Online Data Analysis Tool (ODAT) allowd users to conduct micro-level data analysis on unit-record data stored on the Bank server. The tool is in demand from the research community where access to micro-data is restricted. The roll-out of this tool will increase the number of researches working with the same micro-level data and generate new knowledge for the countries where little analysis was done due to restricted access. To see how this works please visit the Comparative Livings Standards Project. More >>
SOFTWARE FOR DATA DISSEMINATION
PovCalNet is an online poverty analysis tool designed for users to calculate the poverty measures under different assumptions and assemble the estimates using alternative country groupings.
Comparative Living Standards Project (CLSP) allows users to access and analyze standardized micro-data from dozens of countries.
TOOLS FOR APPLIED MICRO-ECONOMETRIC ANALYSIS
Poverty Maps: The project develops the methodology and instruments for small area estimation procedures. In response to the high demand from client countries, and the European Commission, a several major improvements are planned: the new simulation module will speed up the convergence of the algorithm by relying on parallel computing procedures. The new Monte-Carlo module will introduce the possibility of census-bases validation.

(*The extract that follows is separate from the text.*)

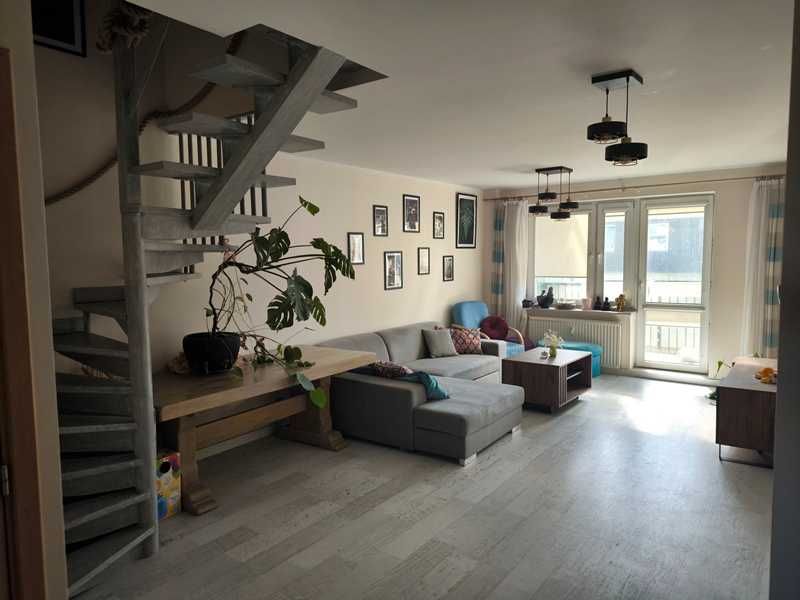 Przestronne, 2-poziomowe mieszkanie na wynajem / 2 łazienki/garderoba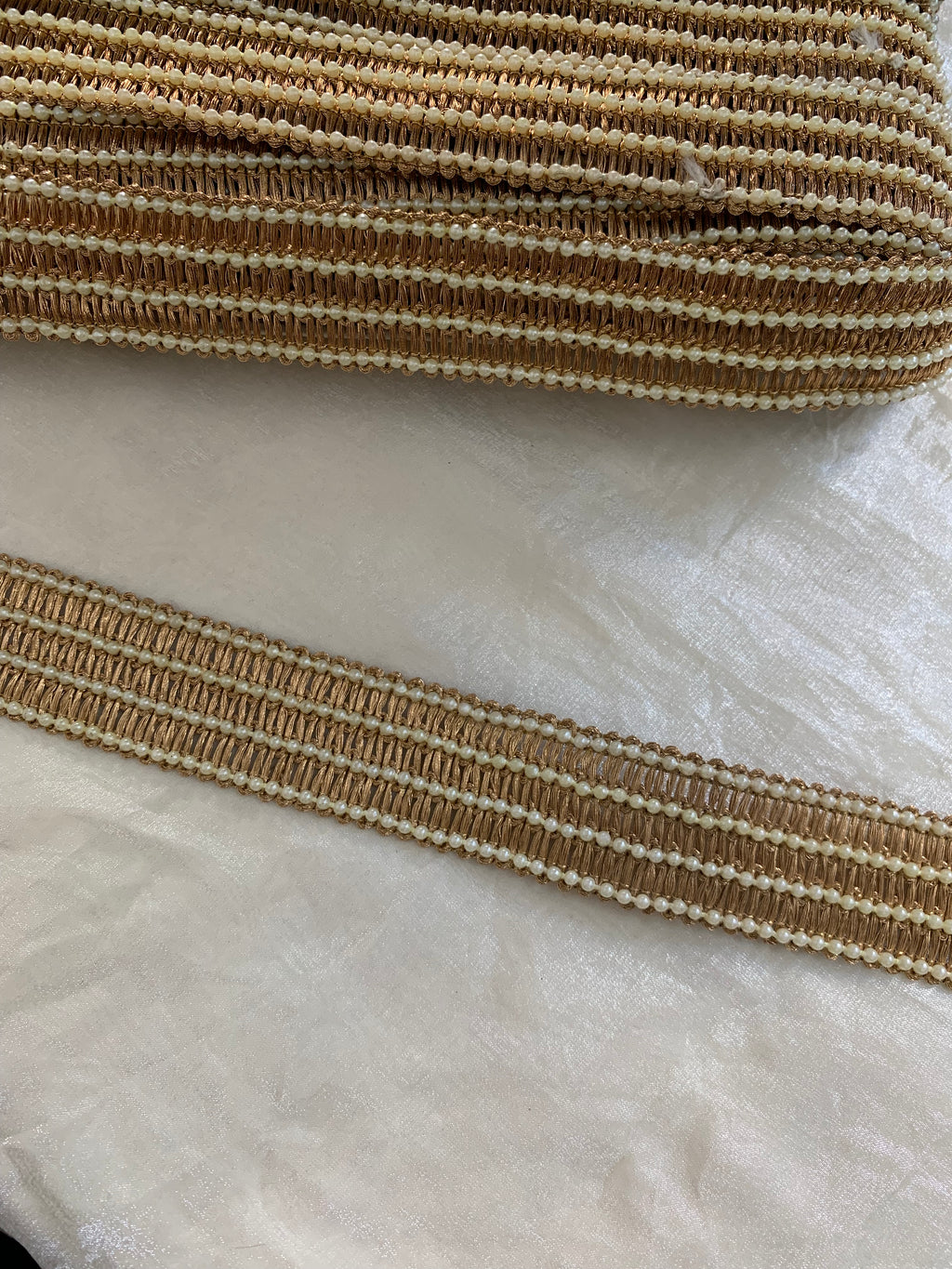 Golden Pearl Stripe Lace Patti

Stata routines: DECCT researchers will continue developing the Stata routines for poverty dynamic analysis, and the complex parametric and non-parametric estimation algorithms of interest to economists.
Spatial Econometrics and GIS data: The Spatial Analysis Team carries out analytical work and advisory services using geographic information systems (GIS) and related technologies for development research and policy analysis of climate change, environmental issues, water and sanitation, deforestation and others. Spatial technologies involve applications that can be used to visualize and integrate data, and conduct spatial analysis.
ECONOMIC RESEARCH COMPUTER CENTER (ERCC)
The Economic Research Computer Center (ERCC) will provide computational capacity for researchers and practitioners at the Bank and, later, for the larger development community. This will ensure rigorous economic research and analysis at the desktop level, as well as platforms for expanding collaboration and sharing with the broader development community.